El montaje, el montaje físico como paso casi último de una exposición, comienza desde el primer momento en que ésta se programa. Un ejemplo, que evidencia que programar no es desparramar cosas por fechas y salas, podría ilustrarnos al respecto.

El montaje de una exposición comienza desde el momento en que se programa

En el museo -seguimos con el ejemplo- hay salas destinadas a muestras de carácter temporal y vitrinas y marcos de tamaños diferentes reservados en el almacén para estos usos. Cuando -tetris espacio temporal- cuadramos el conjunto de exposiciones anuales -pues presentamos la programación total y anual a comienzos de año-, y hemos tenido que calcular el espacio que cada una precisa así como las vitrinas o marcos se necesitan. Esto implica que hay exposiciones que no podrían simultanearse y, por tanto, hemos de anticiparnos para no tener sorpresa de última hora. Y aun así… Y es, ya digo, un ejemplo.
Pero yendo más al fondo, la exposición suele ser muchas veces una idea que ha de cuajar en proyecto: o sea, una idea que tiene que tener fechas, presupuestos, piezas,…
A veces, la idea nos lleva a rastrear, a buscar, a localizar, a pedir, a comprar,… Otras veces, el material está ya, desde el principio. Incluso en abundancia.

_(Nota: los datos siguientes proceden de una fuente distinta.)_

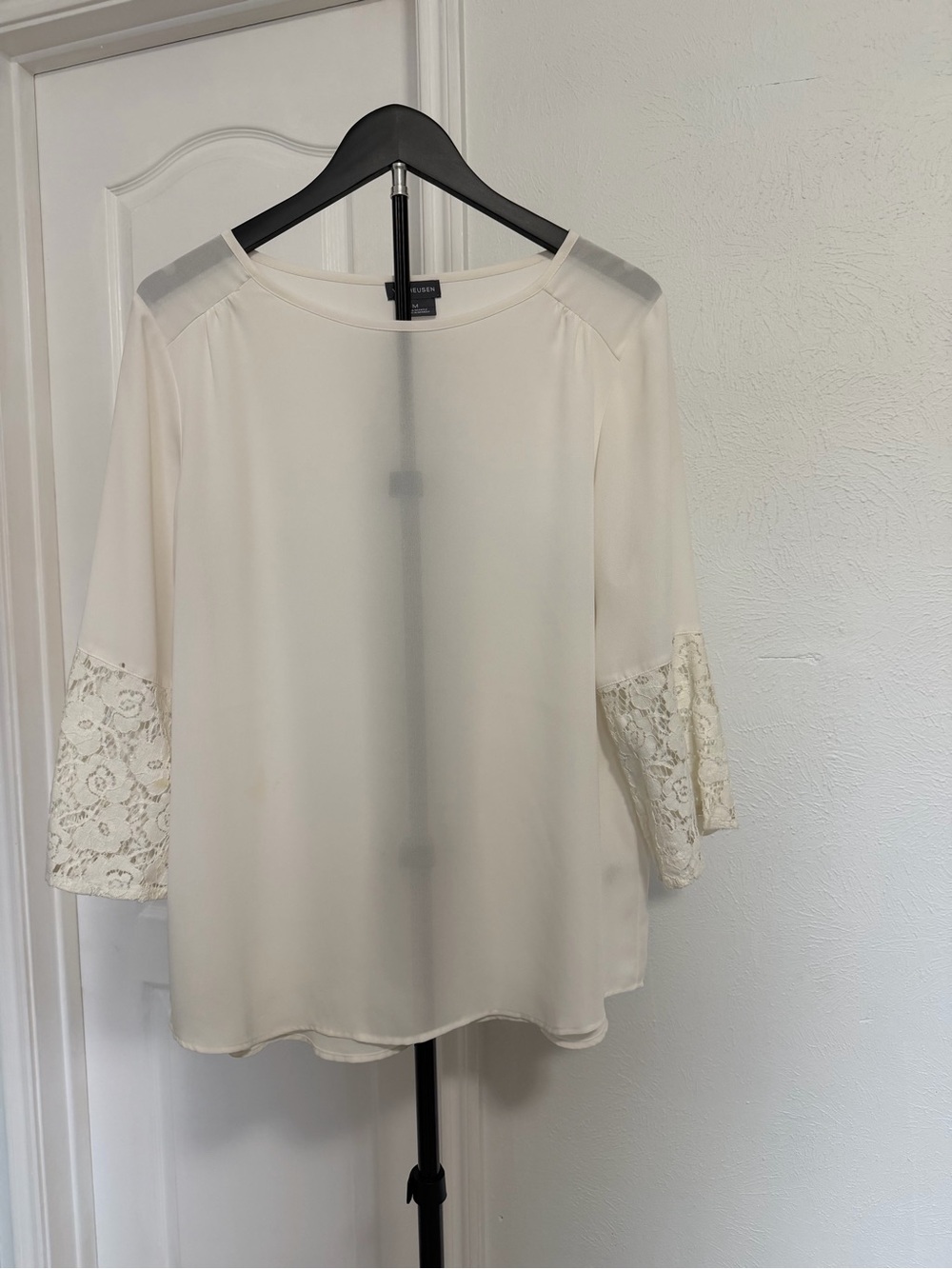 Van Heusen Cream Lace-Sleeve Blouse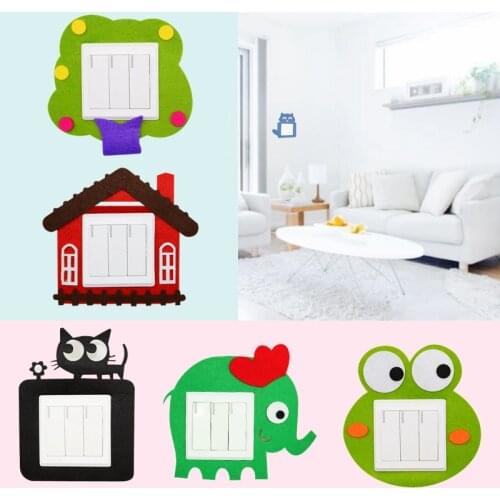 1pcs Animal Dog Cat Bear Cover Cartoon Room Decor 3D Wall Silicone On-off Switch Luminous Light Switch Outlet Wall Sticker Felt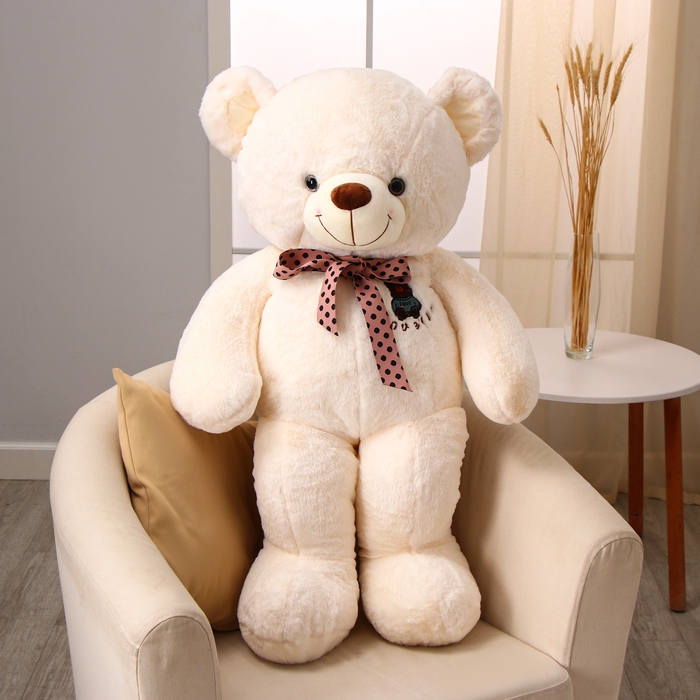 Мягкая игрушка «Мишка», с бантом в горошек, 100 см, цвет белый Мягкая игрушка «Мишка», с бантом в горошек, 100 см, цвет белый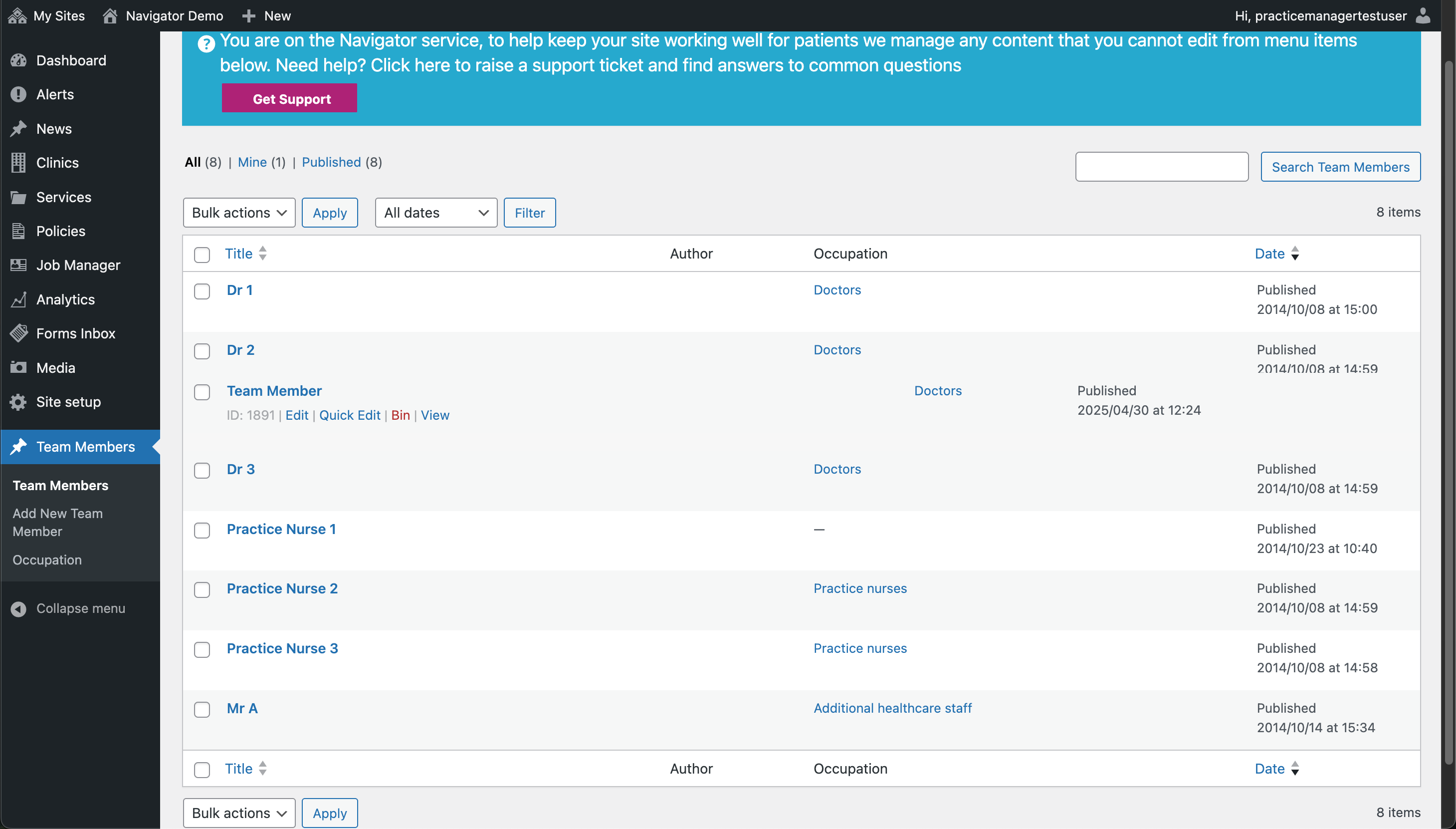 The Team Members section of the Dashboard, with a team member being dragged and dropped into a new position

Y hemos de seleccionar, de podar, de devolver incluso.

En ocasiones, las piezas son más o menos independientes dentro del conjunto y con un criterio sobre todo estético distribuimos.
Pero por lo general existe un hilo conductor que nos obliga a secuenciar las piezas de un determinad modo -no sólo en el espacio perimetral que las paredes ofrecen, sino también en las vitrinas que con cierta frecuencia complementan con las piezas que acogen el conjunto- y tampoco en estos casos podemos descuidar la dimensión estética de la presentación.

Incluye un árduo proceso de selección de las piezas que estarán presentes

Elegidas las piezas, enmarcadas con los recursos reutilizables del museo las que así han de enmarcarse, comienza lo que la gente por lo general entiende como montaje, o sea: colgar piezas de las paredes o colocarlas en las vitrinas, vitrinas que también hay que reparar, limpiar, trasladar, etc.

Entre tanto, mientras este trabajo más físico se está llevando a cabo, se están redactando cartelas -descriptivas y/o explicativas-, textos para vinilos, para la prensa o para folletos, que han de maquetarse o diseñarse,… O haciendo fotos para estos folletos, o para una cartelería que han de diseñarse también.
Y el toque final: la luz. ¡Tan importante! Seleccionar luces cálidas o frías, decidir -cuando es, además de aconsejable, posible- la potencia, el ángulo de los focos, incluso la anulación de los mismos,…

Muchos flecos. O más que flecos, un tapiz cuya complejidad -nudos del reverso- resulta invisible, que de esta invisibilidad también va la cosa. ¡Ah, y desmontar la anterior, claro! Y rápido para que no estén las salas vacías muchos días.